# Records supplied:

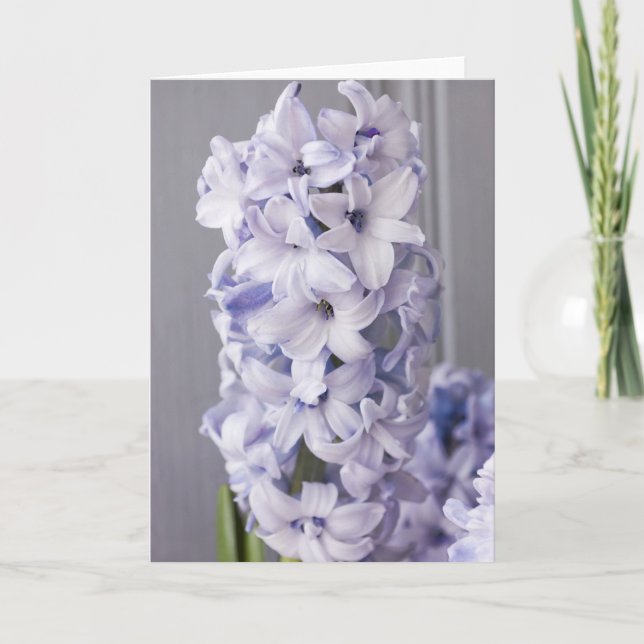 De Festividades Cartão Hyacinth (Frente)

---

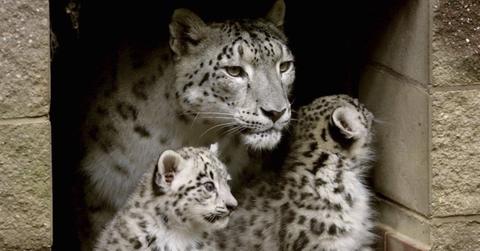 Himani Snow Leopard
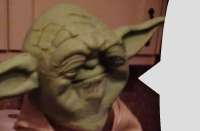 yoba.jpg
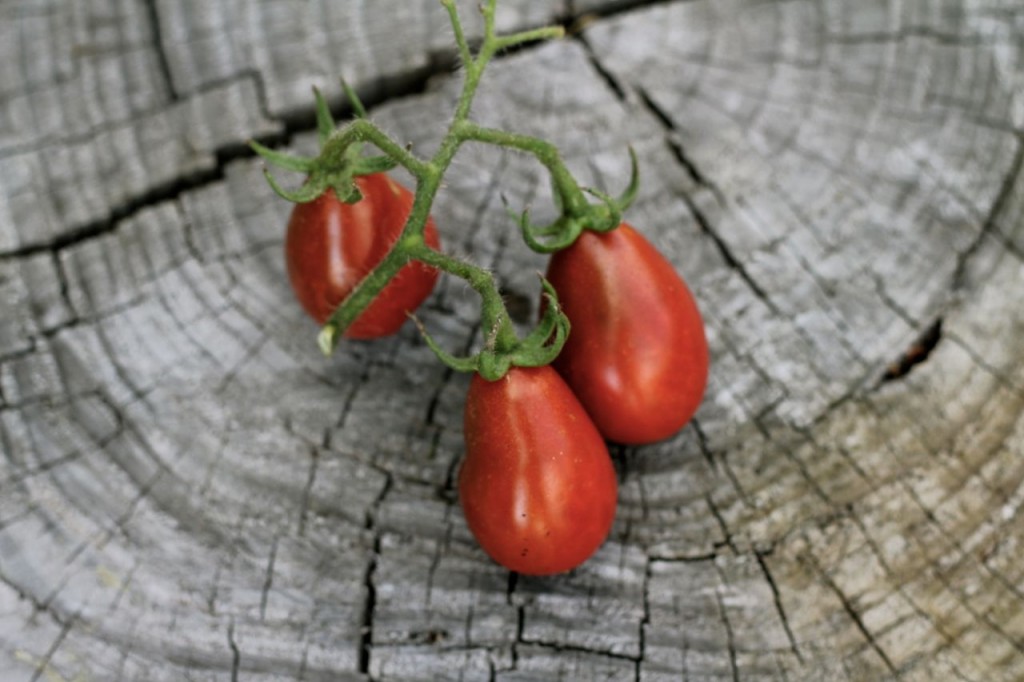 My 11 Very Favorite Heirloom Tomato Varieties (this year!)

...

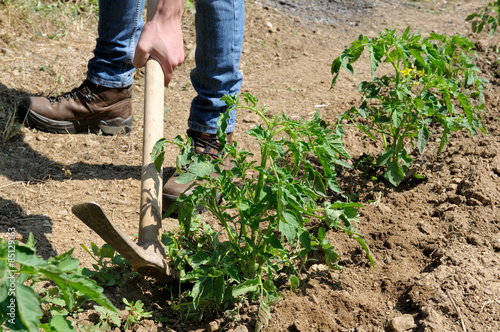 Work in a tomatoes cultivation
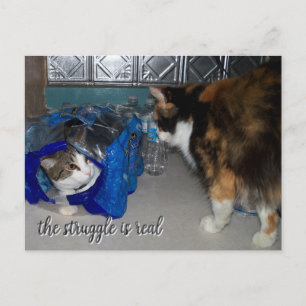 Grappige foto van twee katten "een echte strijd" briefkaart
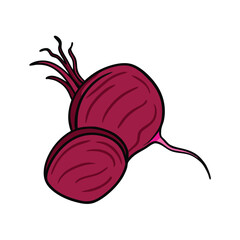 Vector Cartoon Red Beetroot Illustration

# Work task:
The reply should hold the entries above from the line with "Himani Snow Leopard" to the line with "My 11 Very Favorite", duplicated exactly, pictures excluded.

# Solution to this task:
 Himani Snow Leopard
 yoba.jpg
 My 11 Very Favorite Heirloom Tomato Varieties (this year!)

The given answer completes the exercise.